Why viewing fractals soothes

Jackson Pollock pictures copy patterns of nature - tree branches, snowflakes, waves - and the structure of the human eye

When Richard Taylor was 10 years old, in the early 1970s in England, he accidentally found a catalog of paintings by Jackson Pollock. He was mesmerized, hypnotized by Pollock. Franz Mesmer, an eccentric doctor of the 18th century, suggested the existence of animal magnetism between living and nonliving objects. Pollock's abstractions also project certain states of consciousness into the viewer. Now, working as a physicist at the University of Oregon, Taylor believes that he understood the secret of Pollock's paintings, and that he was firmly connected with human happiness.

Professionally this issue he was engaged not all the time. His main job was to search for the most efficient ways to transfer current — through many tributaries, like river systems, or the bronchi of the lungs, or neurons of the cerebral cortex. When current flows through wires, electrons travel in an orderly fashion. But in the new tiny devices, whose size can be only 100 times larger than the size of an atom, this order is violated, and becomes like an ordered chaos. The flow pattern of currents, like the circuits of the bronchi and neurons, is fractal, i.e. it is repeated on different scales. Taylor now uses “biological inspiration” to develop improved types of solar panels. If natural panels, trees and plants branch out, why not repeat it in the case of man-made?

Taylor speaks of himself as a thinker, moving in search of solutions from one discipline to another. In addition to his physical regalia, he is an artist and photographer with an appropriate diploma. On the campus of the Institute, he is known for his eccentricity. He often floats in a boat on Lake Waldo in Oregon in search of new thoughts, and his hair is so famous that it distracts from his personality. Long curly hair resembles the curls of Isaac Newton. The University Public Relations Center somehow used them to create a photo collage in Photoshop.
')


Moving along the curly trajectory of his career, Taylor did not lose his interest, or even obsession, with Pollock. In the Manchester School of Art, he built an unstable pendulum, throwing paint under the action of the wind, to see how nature draws, and whether it will look like Pollock (it turned out like). Then, a few years ago, he experienced a fruitful insight while working on nanoelectronics. “The more I looked at the fractals, the more they reminded me of Pollock's paintings,” he recalled in an essay . “And when I looked at his paintings, I noticed that the spots of paint on the canvas are distributed in much the same way as the flow of electricity in our devices.”

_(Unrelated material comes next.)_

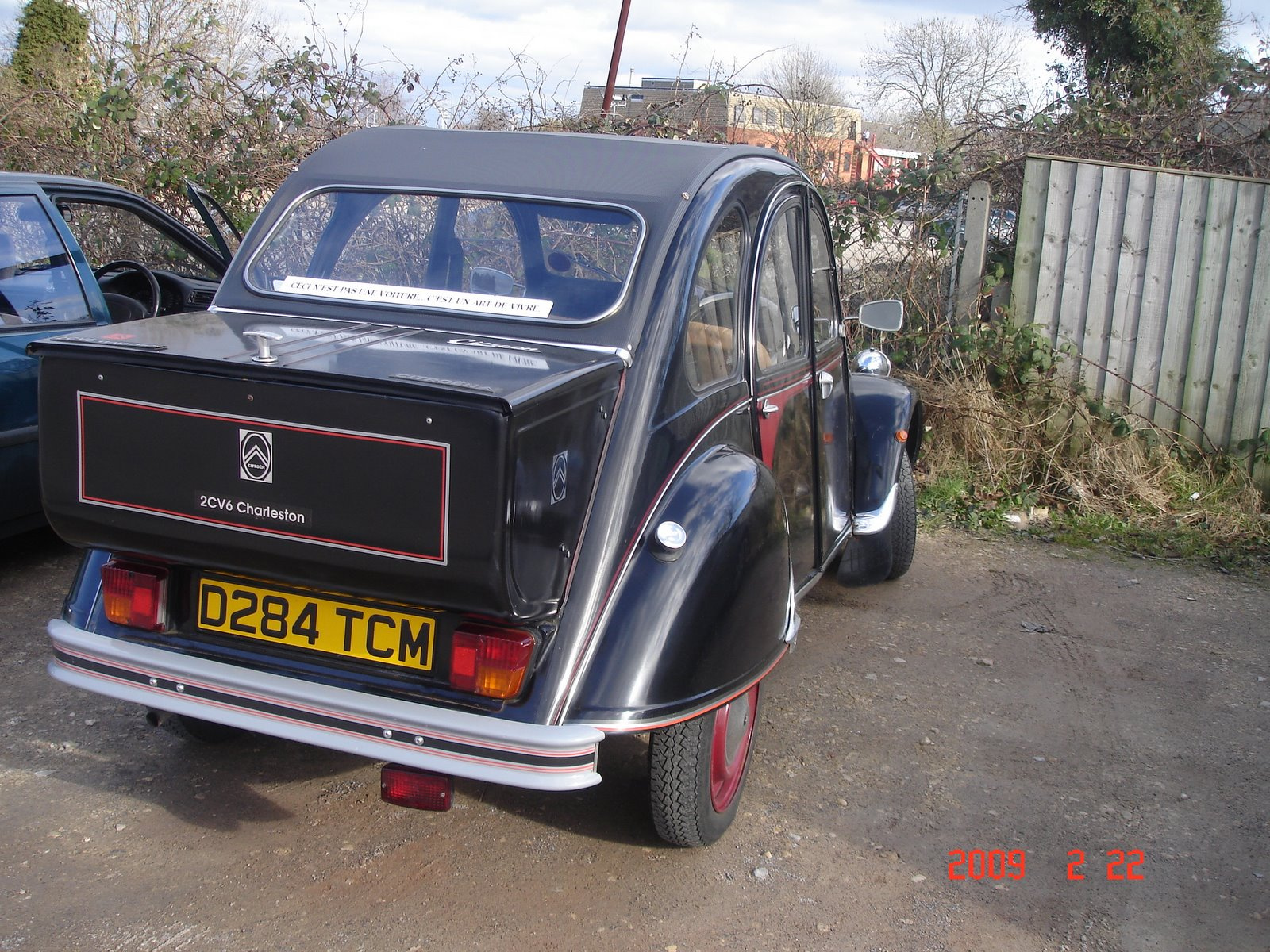 Citroen 2CV6 Charleston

Using instruments to measure electrical currents, Taylor checked several Pollock paintings of the 1950s and found that the paintings were indeed fractal. It looked like you found your aunt talking in a secret, ancient language. "Pollock painted natural fractals for 25 years before their discovery!" He published this discovery in the journal Nature in 1999, causing a stir in the world of art and in the world of science.

Benoit Mandelbrot first coined the term "fractal" in 1975, discovering that simple mathematical rules apply to a vast range of phenomena that look visually complex or chaotic. He proved that fractal patterns can often be found in the tumult of nature — in clouds, coastlines, plant leaves, ocean waves, bends of the Nile River and clusters of galaxies. To present fractal patterns of different scales, imagine a tree trunk and a branch: between them there can be the same angle as between this branch and the smaller branch, and also between the veins of a leaflet growing on this branch. And so on. You can invent fractals that create something that looks like chaos.

Taylor was interested to find out whether the attractiveness of Pollock's paintings can be explained by the presence of fractals in them, as well as the attractiveness of similar screen savers and light shows in planetariums. Can great works of art be reduced to non-linear equations? Such a question could come to mind only physics. So Taylor conducted experiments, evaluating the psychological reaction of people to viewing images with fractal geometry. He measured the conductivity of the skin (corresponding to the activity of the nervous system) and found that people coped with stress by 60% better by considering the image of the mathematical dimension of fractals (which is denoted by D) from 1.3 to 1.5. D denotes the ratio of the size of large (coastline visible from an airplane, a tree trunk, large spots on the paintings of Pollock) and small details of the image (dunes, stones, branches, leaves, small specks on the paintings). The fractal dimension is indicated by a number in the range from 1 to 2. The more complex the picture, the higher D.

Then Taylor and Caroline Hagerhol [Caroline Hägerhäll], a Swedish specialist in environmental psychology specializing in people's aesthetics, turned several photographs of nature into simplified fractal silhouettes against the sky. They found that people preferred images with D in the range from 1.3 to 1.5, that is, from low to medium. To find out whether such a dimension causes a certain state of mind, they used the EEG to measure brain waves, while the subjects observed fractal images. They found that it was in this magic zone that the frontal lobe of the subjects' brain gave out alpha waves corresponding to a state of calm and pleasant wakefulness. This happened even when people looked at the images for just one minute.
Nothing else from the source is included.